» **Aim of the exercise**: Print exactly the lines of the listing below from the one containing "Bild 33/65 von Jaguar XKR (1998)" through the final line, both included, and no pictures.

» **Exercise data**:

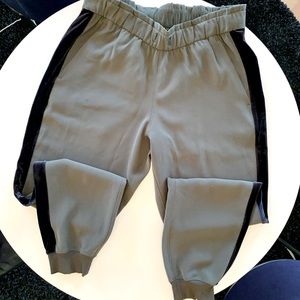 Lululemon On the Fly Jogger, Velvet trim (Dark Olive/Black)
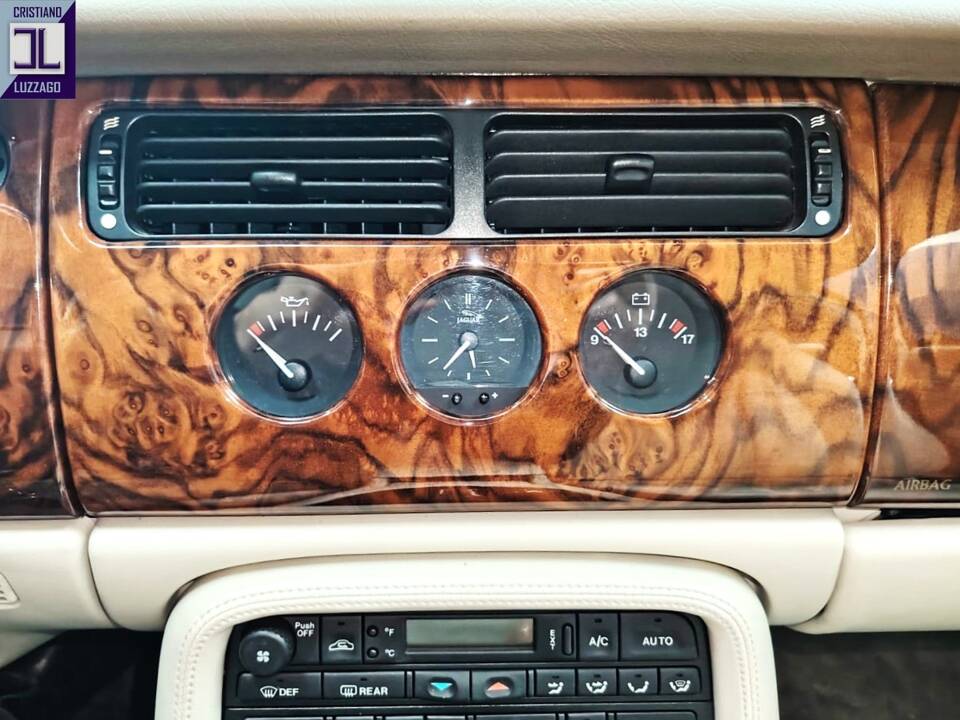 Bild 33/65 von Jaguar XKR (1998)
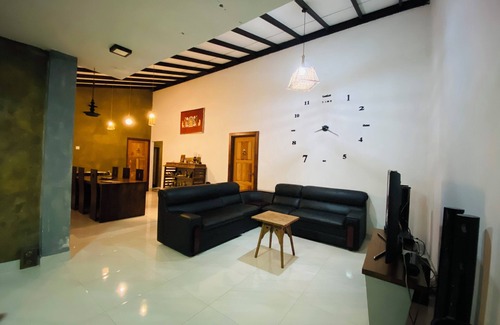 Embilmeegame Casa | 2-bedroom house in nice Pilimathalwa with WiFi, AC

» **Solution**:
 Bild 33/65 von Jaguar XKR (1998)
 Embilmeegame Casa | 2-bedroom house in nice Pilimathalwa with WiFi, AC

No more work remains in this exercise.